I always seem to lean toward stories that play on people’s emotions with whatever the subject matter ends up being about. With this story, I thought about how God gave His Son to die for the world, and I have two kids, so I tried to imagine what it would be like as mother to have to sit and face the person who murdered my son and say “I forgive you”. I don’t know how anyone would be able to do that in their own power, so the story just kind of picked up from there.  It started as a screenplay and then I decided that I wanted to give the characters more depth, so I turned it into a book.

  1. There is a hashtag attached to this title of #yougoncry, can you talk about the significance of that?

One day while we were in rehearsal for the movie, one of the cast members said that the hashtag for this story should be #yougoncry because of all of the various emotions that people viewing or reading this story will experience. I embraced that because it really summarizes the Turn of the Cheek experience. People will cry sad, angry and happy tears because this story has all of the elements to take them to those places. I did all of those things while writing it because the concept of forgiveness is so unimaginable and beautiful all at the same time.

  1. Which one of your characters is the most like you?

I would have to say that Deborah is the most like me because of her determination, stubbornness, fierce love for her family, but she is also unlike me in a lot of ways because she has a strength that I don’t know if I could ever aspire to possess if put in her situation.  In addition to Deborah, I would have to say that I share characteristics of many of my main characters.


  1. What is the biggest difference between writing a book and screenplay?

When you write a book, you can go anywhere your imagines takes you, but when you are writing for screen you have to be mindful of a lot of different factors.  For instance, you have to be careful about locations and the number of characters because you have to keep your budget in mind. You can fly to Paris or blow up a car for free in a book, but with a movie on the independent level, liquid resources are very hard to come by. Most of the time you are probably going to be funding your own project. Then there are the time restraints; there is no time limit on a book because the reader goes at his/her own pace, but with a movie you have to try to tell your story in two hours or less. Ideally, anyway.


  1. What advice would you give to an author who wants to turn their book into a movie?

I would say go for it! It’s not rocket science but it is hard work. Whatever you determine your budget is, then that is what you have to make your movie with.  Do your research (I can’t stress that one enough) and then commit to turning your book into the best script possible.
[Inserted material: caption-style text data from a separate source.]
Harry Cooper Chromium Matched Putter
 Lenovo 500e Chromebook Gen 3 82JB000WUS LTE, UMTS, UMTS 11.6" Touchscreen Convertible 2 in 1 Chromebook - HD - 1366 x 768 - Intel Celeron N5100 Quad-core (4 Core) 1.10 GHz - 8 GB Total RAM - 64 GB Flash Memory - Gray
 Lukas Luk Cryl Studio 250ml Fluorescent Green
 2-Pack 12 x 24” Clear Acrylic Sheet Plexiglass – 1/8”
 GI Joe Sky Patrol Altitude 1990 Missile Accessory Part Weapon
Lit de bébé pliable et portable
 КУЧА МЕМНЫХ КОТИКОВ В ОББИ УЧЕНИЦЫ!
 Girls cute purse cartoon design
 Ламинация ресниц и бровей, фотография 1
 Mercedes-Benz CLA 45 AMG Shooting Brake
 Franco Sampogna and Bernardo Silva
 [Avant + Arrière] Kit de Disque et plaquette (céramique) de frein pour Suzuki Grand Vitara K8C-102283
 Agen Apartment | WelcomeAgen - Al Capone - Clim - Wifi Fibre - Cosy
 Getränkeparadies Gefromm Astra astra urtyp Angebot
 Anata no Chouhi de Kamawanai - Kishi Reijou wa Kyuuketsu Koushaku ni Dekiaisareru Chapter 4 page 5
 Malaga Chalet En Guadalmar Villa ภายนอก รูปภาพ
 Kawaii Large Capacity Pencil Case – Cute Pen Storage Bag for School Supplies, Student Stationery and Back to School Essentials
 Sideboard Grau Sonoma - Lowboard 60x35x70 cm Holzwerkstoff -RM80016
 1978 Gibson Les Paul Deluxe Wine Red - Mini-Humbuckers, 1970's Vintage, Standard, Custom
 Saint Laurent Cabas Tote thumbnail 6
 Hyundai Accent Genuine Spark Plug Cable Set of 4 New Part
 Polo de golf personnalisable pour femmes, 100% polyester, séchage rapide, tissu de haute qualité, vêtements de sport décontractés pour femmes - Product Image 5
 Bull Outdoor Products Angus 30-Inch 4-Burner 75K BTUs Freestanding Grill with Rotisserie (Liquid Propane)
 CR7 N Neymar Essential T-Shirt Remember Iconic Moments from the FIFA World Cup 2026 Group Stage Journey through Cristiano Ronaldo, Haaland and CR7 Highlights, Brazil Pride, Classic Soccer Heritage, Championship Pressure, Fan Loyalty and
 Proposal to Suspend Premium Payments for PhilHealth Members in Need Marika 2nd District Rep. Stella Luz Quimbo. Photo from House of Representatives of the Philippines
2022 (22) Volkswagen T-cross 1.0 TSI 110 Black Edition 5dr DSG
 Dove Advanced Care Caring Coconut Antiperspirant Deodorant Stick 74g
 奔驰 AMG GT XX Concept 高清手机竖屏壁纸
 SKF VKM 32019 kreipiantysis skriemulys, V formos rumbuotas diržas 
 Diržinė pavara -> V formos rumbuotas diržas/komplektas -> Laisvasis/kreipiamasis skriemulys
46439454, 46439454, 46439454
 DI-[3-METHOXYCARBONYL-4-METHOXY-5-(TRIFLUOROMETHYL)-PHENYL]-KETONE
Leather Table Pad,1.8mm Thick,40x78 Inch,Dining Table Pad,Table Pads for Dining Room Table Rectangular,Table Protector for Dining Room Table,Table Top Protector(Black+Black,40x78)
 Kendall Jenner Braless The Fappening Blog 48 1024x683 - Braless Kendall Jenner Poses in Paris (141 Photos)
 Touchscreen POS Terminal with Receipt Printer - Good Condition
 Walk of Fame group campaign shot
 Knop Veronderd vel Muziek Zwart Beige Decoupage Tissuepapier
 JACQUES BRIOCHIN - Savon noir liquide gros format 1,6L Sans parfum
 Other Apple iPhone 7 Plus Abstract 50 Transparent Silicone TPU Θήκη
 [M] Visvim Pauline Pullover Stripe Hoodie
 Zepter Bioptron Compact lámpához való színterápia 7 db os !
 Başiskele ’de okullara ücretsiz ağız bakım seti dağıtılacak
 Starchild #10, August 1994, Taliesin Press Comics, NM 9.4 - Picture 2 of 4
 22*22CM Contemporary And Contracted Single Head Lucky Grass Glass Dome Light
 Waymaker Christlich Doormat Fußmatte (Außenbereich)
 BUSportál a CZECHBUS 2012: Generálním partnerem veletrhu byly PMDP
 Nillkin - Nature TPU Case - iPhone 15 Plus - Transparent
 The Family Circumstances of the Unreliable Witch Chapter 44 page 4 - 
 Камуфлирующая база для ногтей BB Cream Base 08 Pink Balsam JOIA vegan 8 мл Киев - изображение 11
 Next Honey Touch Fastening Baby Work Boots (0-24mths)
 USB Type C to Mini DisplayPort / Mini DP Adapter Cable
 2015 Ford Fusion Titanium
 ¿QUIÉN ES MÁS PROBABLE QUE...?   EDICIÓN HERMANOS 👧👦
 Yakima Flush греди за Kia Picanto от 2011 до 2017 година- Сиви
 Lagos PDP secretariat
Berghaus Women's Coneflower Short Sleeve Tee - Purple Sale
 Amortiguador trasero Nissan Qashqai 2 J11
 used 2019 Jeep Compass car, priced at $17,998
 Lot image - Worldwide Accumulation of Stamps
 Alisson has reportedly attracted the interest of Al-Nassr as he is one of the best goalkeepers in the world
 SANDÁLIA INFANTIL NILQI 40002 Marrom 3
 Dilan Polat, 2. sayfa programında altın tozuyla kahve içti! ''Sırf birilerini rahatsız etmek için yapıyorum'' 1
Once you have a script that you’re happy with, get out there and put together the team you need to make it happen.  Don’t get me wrong, your first project will be your worst, but as you grow, you will get better.  The important thing is to stop making excuses and get started.


  1. What is the biggest criticism you have received as an author?

The biggest criticism I have received is that I’m not descriptive enough. I am often told that my books are really good reads, but they are too short because I don’t spend enough time painting the picture. I am a very direct and to-the-point type of person when I talk and that’s the way I write.  I guess I would have to chop that up to my short attention span, but it is definitely something that I have been working on and I hope it shows in Turn of the Cheek!